The fire that led to the conflagration that was the Long Lent of 2002 was burning brightly among some of the Church’s most prominent leaders. Sadly, the same intensity of reporting that drove the Globe’s Spotlight team is not present today. We have only a few instances of solid reporting on the recent issues involving Archbishop McCarrick and others (see here, here, and here) and some attempts to getting deeper answers (here), but nothing like the dedicated resources of a major newspaper as in Boston in 2002.
But the latest revelation in this short list of articles is from Fr. Boniface Ramsey in Commonweal Magazine. Fr. Ramsey was the one to alert Vatican officials about McCarrick’s activities with seminarians after many seminarians confided in him. But, as Fr. Ramsey explains, his letter went unacknowledged and, to any outside observer, nothing was done.

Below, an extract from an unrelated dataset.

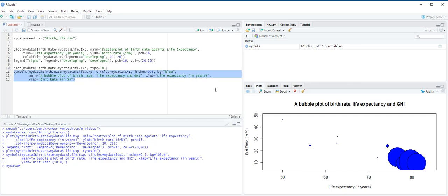This is how we construct a bubble chart and a scatter plot with additional categorical variable. Thank you very much for watching the video.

The unusual behavior was exacerbated by the silence surrounding it; I sensed no disapproval, just a kind of resignation.
At the seminary level, people feared retribution from Archbishop McCarrick, who ultimately oversaw the seminary. I understand why many on the local level might remain silent. It’s much harder to speak a difficult truth to your boss–or to someone who has the final say as to whether you will be ordained a priest. But what concerns me about what happened then, and what appears to be happening now, is that those in the Vatican who are specifically designated to deal with such issues did not seem to do anything (even though they apparently knew as early as 1994!). And his brother bishops–who all seemed to know–also did nothing.
McCarrick’s brazenness and lack of shame, his indifference to what others who knew of his behavior might have thought of him (and he ought to have known that they knew), are shocking enough. The fact that those who knew about at least some of his misconduct did not shun him—that he was accepted and even fêted by his peers—is every bit as shocking.
The longer that people like McCarrick are allowed to do what he did with impunity, and the longer we do not address the underlying issue of active homosexuality in the clergy, the more mistrust we will have between clergy and laity. The only action we have seen is by state attorneys general who are seeking to bring priests to justice. Shouldn’t the Church act just as swiftly when its own clergy violates other people or their own vows and promises? It’s a scandal in every sense of the word, and it must be rooted out.
When the bishops meet in Baltimore on November 12-14, they need to address the real issues head on. And if addressing the McCarrick fiasco is the hermeneutic to address the issue canonically and publicly, so be it. The laity want to see something done, and McCarrick’s extended stay at a friary in Kansas is not the “penalty” people had in mind. Sounds like a nice long retreat to me.
Words have their place, but we need to see action. In the words of Fr. Ramsey:
If he is guilty of what he has been accused of, and if prison is not an option because of the statute of limitations, McCarrick’s public removal from the priesthood, not just the College of Cardinals, would be an appropriate and generally understandable response to his crimes and sins. The laicization of the cleric who was perhaps the most public face of the institutional church in the United States would also demonstrate that the victims of abuse, both children and adults, count for more in the church than the institution. After all, that institution exists for the sanctification of the individual members of the Body of Christ; the members do not exist for the institution.